Korban Tidak Terima Dengan Perlakuan Polisi

Atas hal yang ia alami, Hadijah lantas mengejar keadilan. Ia melaporkan oknum-oknum polisi yang menangkapnya dan diduga merekayasa kasus tersebut.

Termasuk Briptu Muhammad Firliawan Gobel yang dianggap melakukan rekayasa kasus penangkapan terhadap Hadija Maksun dan memegang barang bukti sabu-sabu yang dituduh sebagai milik Hadijah.

Rabu (27/7/2022) lalu, sidang kode etik yang dilakukan Polres Bolsel terhadap Britpu Muhammad Firliawan Gobel yang diduga melakukan rekayasa kasus narkoba, berlangsung ricuh.

Awalnya sidang yang dipimpin Wakapolres Bolsel Kompol Dadang Suhendra, diagendakan berlangsung pukul 09.00 Wita. Namun baru dimulai pukul 16.40 Wita tanpa alasan jelas.

Hal ini memicu konflik dari pelapor Hadija Maksun (48) dan keluarga yang merasa Polres Bolsel mencoba melindungi terlapor. Kericuhan pun pecah saat sidang baru akan dimulai.

Konflik dipicu ketika sejumlah polisi melarang keluarga mengikuti jalannya sidang. Karena sidang akan digelar tertutup.

Mendapat perlakuan yang menurut keluarga tak sesuai aturan, mereka kemudian berteriak-teriak histeris. Karena merasa sidang kode etik terkesan melindungi oknum anggota yang merekayasa kasus narkoba. Hingga Hadija Maksun dijebloskan ke balik jeruji selama 61 hari sejak Desember 2021.

“Ini ada yang tidak beres, pihak Polres Bolsel dalam hal ini pak Kapolres seperti melindungi oknum anggota (Terlapor). Ada apa? Apakah karena duit? Sehingga Kapolres melindungi yang bersangkutan? Kami minta kejelasan atas kasus ini,” kata salah satu keluarga Safira Maksun, sambil berteriak histeris serta membanting-banting dirinya di depan Wakapolres selaku pimpinan sidang kode etik.

Hampir satu jam kericuhan berlangsung akhirnya bisa teratasi setelah sejumlah anggota dan pihak pengacara korban, membujuk keluarga untuk tetap tenang.

Namun, sidang akhirnya ditunda dan direncanakan akan dilanjutkan pada Senin (1/8/2022) hari ini.

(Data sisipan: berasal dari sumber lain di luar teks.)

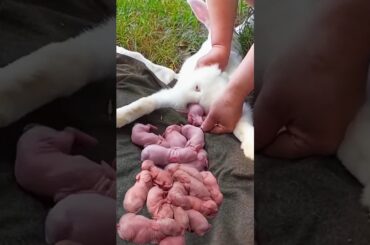 Rabbit growth #cute #pets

Secara terpisah, Wakapolres Bolsel Kompol Dadang saat dikonfirmasi alasan melarang keluarga masuk ke lokasi sidang karena bahwa sidang kode etik berlangsung tertutup.

“Kami hanya mengundang saksi, sidang ditunda lantaran tidak dibuka untuk umum dan bersifat tertutup,” kata Dadang.

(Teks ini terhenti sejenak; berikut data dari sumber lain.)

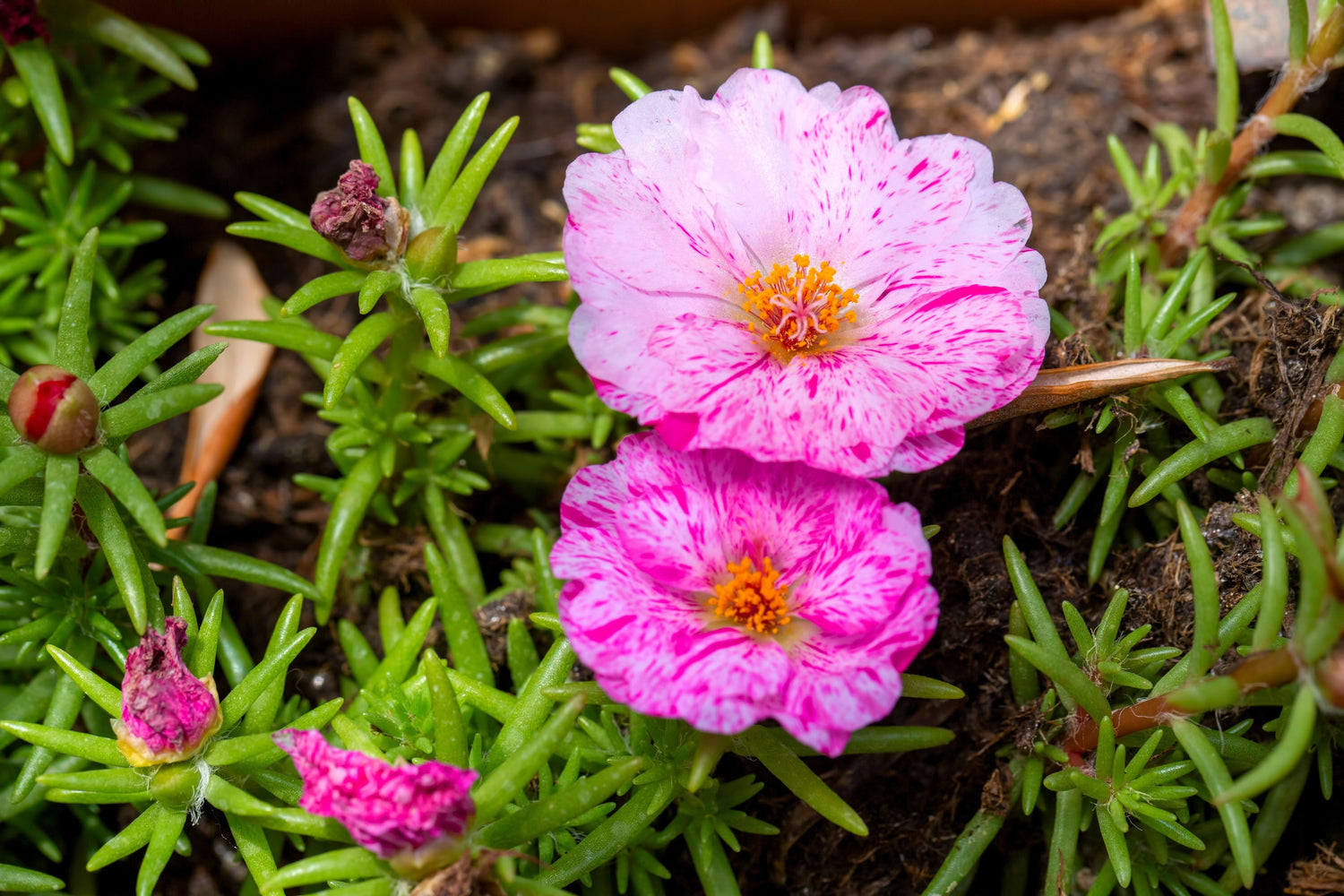 40 Semillas de flores suculentas de reloj de sol, MENTA PIPERITA, PORTULACA Grandiflora, Rosa musgosa con vetas rosadas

Lanjutnya, sesuai peraturan Kapolri sidang kode etik polisi secara terbuka untuk kasus narkoba itu tidak berlaku, karena sudah berkoordinasi dengan AKP Felix selaku akreditor dari Polda Sulut.

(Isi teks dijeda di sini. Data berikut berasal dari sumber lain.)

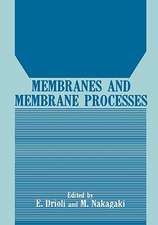 Membranes and Membrane Processes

“Itu tertutup karena atas perintah AKP Felix selaku akreditor dari Polda Sulut, dan sidang kami tunda untuk selanjutnya diagendakan kembali,” lanjutnya.

Sebelumnya Kapolres Bolsel AKBP Ketut Suryana, menyatakan sudah memberikan sanksi disiplin kepada lima anggota polisi. Namun kenyataannya Briptu Muhammad masih bertugas seperti biasa dan tidak ada permintaan maaf kepada Hadijah.